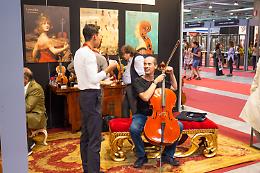 Sax gigante, Ezio Bosso e i violini dell’olocausto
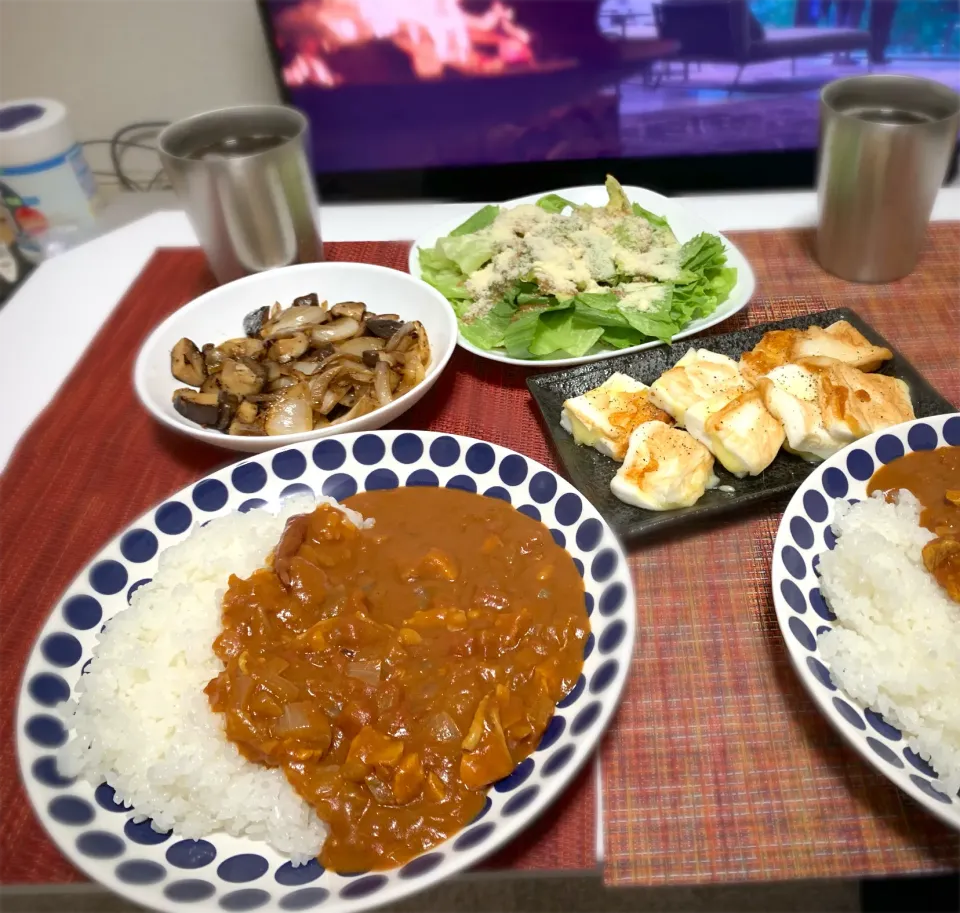 Snapdishの料理写真:#バターチキンカレー#チーズはんぺん#アボカドのサラダ#生椎茸のバター炒め|Natsuさん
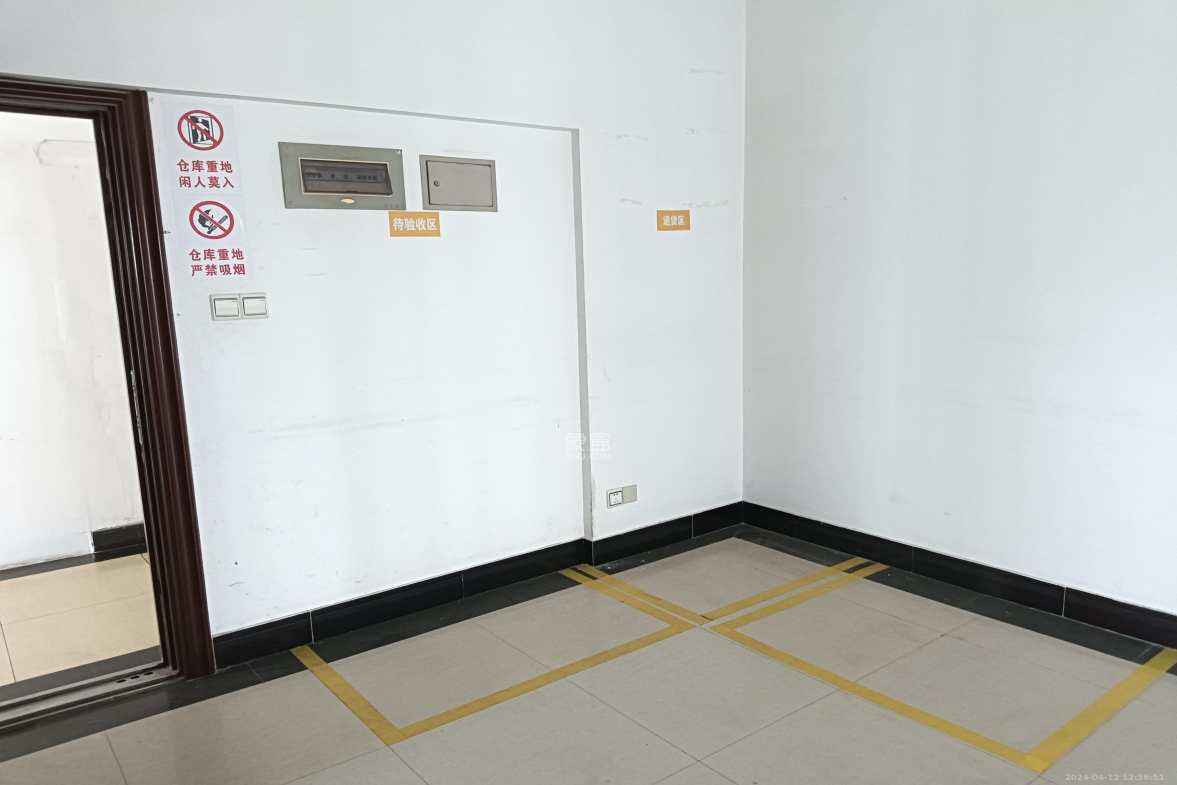 芙蓉同发  2室2厅0卫    2300.0元/月室内图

Assigned task:
Return an exact copy of the data above, apart from any pictures.

Response:
 Sax gigante, Ezio Bosso e i violini dell’olocausto
 Snapdishの料理写真:#バターチキンカレー#チーズはんぺん#アボカドのサラダ#生椎茸のバター炒め|Natsuさん
 芙蓉同发  2室2厅0卫    2300.0元/月室内图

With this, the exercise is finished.